Department of Medicine, Massachusetts General Hospital, Boston, MA 02114, United States.
Department of Medicine, Harvard Medical School, Boston, MA 02115, United States.
J Am Med Inform Assoc. 2023 Nov 17;30(12):1985-1994. doi: 10.1093/jamia/ocad166.
Patients who receive most care within a single healthcare system (colloquially called a "loyalty cohort" since they typically return to the same providers) have mostly complete data within that organization's electronic health record (EHR). Loyalty cohorts have low data missingness, which can unintentionally bias research results. Using proxies of routine care and healthcare utilization metrics, we compute a per-patient score that identifies a loyalty cohort.
We implemented a computable program for the widely adopted i2b2 platform that identifies loyalty cohorts in EHRs based on a machine-learning model, which was previously validated using linked claims data. We developed a novel validation approach, which tests, using only EHR data, whether patients returned to the same healthcare system after the training period. We evaluated these tools at 3 institutions using data from 2017 to 2019.
Loyalty cohort calculations to identify patients who returned during a 1-year follow-up yielded a mean area under the receiver operating characteristic curve of 0.77 using the original model and 0.80 after calibrating the model at individual sites. Factors such as multiple medications or visits contributed significantly at all sites. Screening tests' contributions (eg, colonoscopy) varied across sites, likely due to coding and population differences.
This open-source implementation of a "loyalty score" algorithm had good predictive power. Enriching research cohorts by utilizing these low-missingness patients is a way to obtain the data completeness necessary for accurate causal analysis.
i2b2 sites can use this approach to select cohorts with mostly complete EHR data.
在单一医疗保健系统中接受大部分护理的患者(由于他们通常返回同一医疗服务提供者,因此俗称“忠诚队列”)在该组织的电子健康记录(EHR)中拥有大部分完整的数据。忠诚队列的数据缺失率较低,这可能会无意中影响研究结果。使用常规护理和医疗保健利用指标的代理,我们计算出每个患者的分数,以确定忠诚队列。
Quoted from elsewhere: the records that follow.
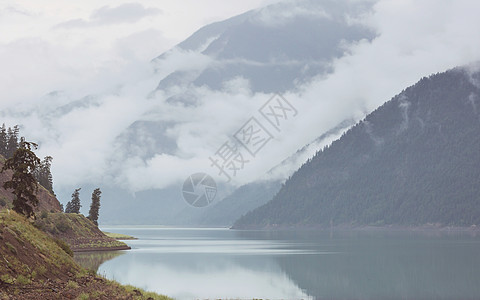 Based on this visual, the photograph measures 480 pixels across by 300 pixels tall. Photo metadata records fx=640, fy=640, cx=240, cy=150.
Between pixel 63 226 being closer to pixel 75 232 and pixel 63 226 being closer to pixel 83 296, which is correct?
pixel 75 232

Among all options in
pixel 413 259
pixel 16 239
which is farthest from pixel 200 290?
pixel 413 259

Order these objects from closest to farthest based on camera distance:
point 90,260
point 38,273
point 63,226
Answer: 1. point 38,273
2. point 90,260
3. point 63,226

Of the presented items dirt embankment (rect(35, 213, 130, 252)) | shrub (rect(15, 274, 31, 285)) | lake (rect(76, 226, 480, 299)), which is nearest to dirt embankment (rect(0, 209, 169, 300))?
shrub (rect(15, 274, 31, 285))

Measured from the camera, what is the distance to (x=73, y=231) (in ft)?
516

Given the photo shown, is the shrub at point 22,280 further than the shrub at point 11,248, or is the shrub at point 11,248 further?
the shrub at point 11,248

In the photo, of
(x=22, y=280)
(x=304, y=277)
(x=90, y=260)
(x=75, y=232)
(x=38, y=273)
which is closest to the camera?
(x=22, y=280)

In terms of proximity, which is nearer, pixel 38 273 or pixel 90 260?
pixel 38 273

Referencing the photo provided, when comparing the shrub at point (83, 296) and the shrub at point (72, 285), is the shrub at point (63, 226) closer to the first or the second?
the shrub at point (72, 285)

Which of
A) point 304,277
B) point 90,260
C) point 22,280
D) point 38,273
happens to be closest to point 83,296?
point 22,280

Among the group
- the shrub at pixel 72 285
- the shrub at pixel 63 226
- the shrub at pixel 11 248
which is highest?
the shrub at pixel 63 226

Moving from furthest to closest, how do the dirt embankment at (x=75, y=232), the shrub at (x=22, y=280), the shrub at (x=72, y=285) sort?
the dirt embankment at (x=75, y=232) < the shrub at (x=72, y=285) < the shrub at (x=22, y=280)

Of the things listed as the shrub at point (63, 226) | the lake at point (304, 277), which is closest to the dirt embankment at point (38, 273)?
the lake at point (304, 277)

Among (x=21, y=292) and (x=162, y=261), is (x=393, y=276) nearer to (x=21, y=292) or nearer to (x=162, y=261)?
(x=162, y=261)

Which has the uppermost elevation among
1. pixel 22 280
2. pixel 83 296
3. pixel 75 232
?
pixel 75 232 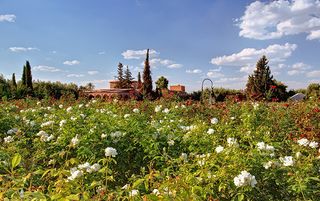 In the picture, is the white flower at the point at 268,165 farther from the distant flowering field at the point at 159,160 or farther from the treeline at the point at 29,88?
the treeline at the point at 29,88

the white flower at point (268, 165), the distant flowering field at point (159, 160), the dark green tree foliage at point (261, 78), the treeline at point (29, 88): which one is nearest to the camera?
the distant flowering field at point (159, 160)

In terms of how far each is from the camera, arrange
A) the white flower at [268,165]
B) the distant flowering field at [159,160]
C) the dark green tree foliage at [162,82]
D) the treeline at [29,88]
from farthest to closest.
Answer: the dark green tree foliage at [162,82] → the treeline at [29,88] → the white flower at [268,165] → the distant flowering field at [159,160]

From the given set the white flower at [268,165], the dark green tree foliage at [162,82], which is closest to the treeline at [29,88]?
the dark green tree foliage at [162,82]

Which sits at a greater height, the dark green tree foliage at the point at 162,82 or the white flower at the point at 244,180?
the dark green tree foliage at the point at 162,82

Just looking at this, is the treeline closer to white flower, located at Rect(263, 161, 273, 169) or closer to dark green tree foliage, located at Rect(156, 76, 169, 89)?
dark green tree foliage, located at Rect(156, 76, 169, 89)

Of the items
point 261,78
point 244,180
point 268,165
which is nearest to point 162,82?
point 261,78

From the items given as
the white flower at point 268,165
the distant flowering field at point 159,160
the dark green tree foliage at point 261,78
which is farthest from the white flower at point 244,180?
the dark green tree foliage at point 261,78

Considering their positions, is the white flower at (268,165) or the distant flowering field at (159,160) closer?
the distant flowering field at (159,160)

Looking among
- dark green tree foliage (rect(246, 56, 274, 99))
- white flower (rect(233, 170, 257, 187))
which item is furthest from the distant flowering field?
dark green tree foliage (rect(246, 56, 274, 99))

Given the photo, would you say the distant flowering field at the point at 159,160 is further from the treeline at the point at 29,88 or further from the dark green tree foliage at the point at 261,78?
the dark green tree foliage at the point at 261,78

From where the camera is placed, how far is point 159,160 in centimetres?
392

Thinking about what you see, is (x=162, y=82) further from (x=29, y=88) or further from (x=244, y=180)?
(x=244, y=180)

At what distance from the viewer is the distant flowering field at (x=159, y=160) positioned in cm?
228

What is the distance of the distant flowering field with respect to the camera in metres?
2.28
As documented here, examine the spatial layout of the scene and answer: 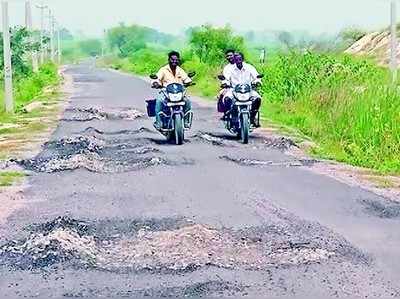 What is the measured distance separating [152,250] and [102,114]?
1773cm

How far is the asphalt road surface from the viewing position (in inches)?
288

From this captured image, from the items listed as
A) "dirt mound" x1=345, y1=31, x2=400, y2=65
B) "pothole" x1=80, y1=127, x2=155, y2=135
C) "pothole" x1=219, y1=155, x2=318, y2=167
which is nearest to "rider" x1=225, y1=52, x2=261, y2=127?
"pothole" x1=80, y1=127, x2=155, y2=135

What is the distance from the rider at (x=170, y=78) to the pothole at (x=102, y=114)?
20.5 feet

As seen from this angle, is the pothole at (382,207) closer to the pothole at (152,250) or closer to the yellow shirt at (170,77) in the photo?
the pothole at (152,250)

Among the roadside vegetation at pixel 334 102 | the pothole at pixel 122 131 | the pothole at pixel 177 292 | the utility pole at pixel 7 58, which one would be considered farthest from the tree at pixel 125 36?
the pothole at pixel 177 292

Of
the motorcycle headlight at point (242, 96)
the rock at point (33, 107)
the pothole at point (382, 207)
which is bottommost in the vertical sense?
the rock at point (33, 107)

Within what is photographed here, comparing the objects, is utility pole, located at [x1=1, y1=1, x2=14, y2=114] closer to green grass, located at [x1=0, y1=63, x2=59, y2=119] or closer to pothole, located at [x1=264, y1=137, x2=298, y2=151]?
green grass, located at [x1=0, y1=63, x2=59, y2=119]

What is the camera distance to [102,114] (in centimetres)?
2592

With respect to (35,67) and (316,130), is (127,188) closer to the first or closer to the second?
(316,130)

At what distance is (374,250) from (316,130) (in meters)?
12.1

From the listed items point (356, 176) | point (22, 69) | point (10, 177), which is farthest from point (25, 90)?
point (356, 176)

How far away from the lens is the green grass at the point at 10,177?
12961mm

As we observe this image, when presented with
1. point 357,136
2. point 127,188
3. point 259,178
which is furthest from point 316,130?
point 127,188

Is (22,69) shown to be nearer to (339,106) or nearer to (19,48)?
(19,48)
我们在广泛采用的 i2b2 平台上实现了一个可计算的程序,该程序根据先前使用链接索赔数据验证的机器学习模型,在 EHR 中识别忠诚队列。我们开发了一种新颖的验证方法,该方法仅使用 EHR 数据测试患者在培训期后是否返回同一医疗保健系统。我们在 3 家机构中使用 2017 年至 2019 年的数据评估了这些工具。
使用原始模型,忠诚度队列计算以识别在 1 年随访期间返回的患者,其受试者工作特征曲线下的平均面积为 0.77,在单个站点校准模型后为 0.80。所有站点的多种药物或就诊等因素都有重要贡献。筛选测试的贡献(例如结肠镜检查)因站点而异,可能是由于编码和人群差异所致。
这种“忠诚度评分”算法的开源实现具有良好的预测能力。通过利用这些低缺失率患者丰富研究队列,可以获得进行准确因果分析所需的完整数据。
i2b2 站点可以使用此方法选择具有大部分完整 EHR 数据的队列。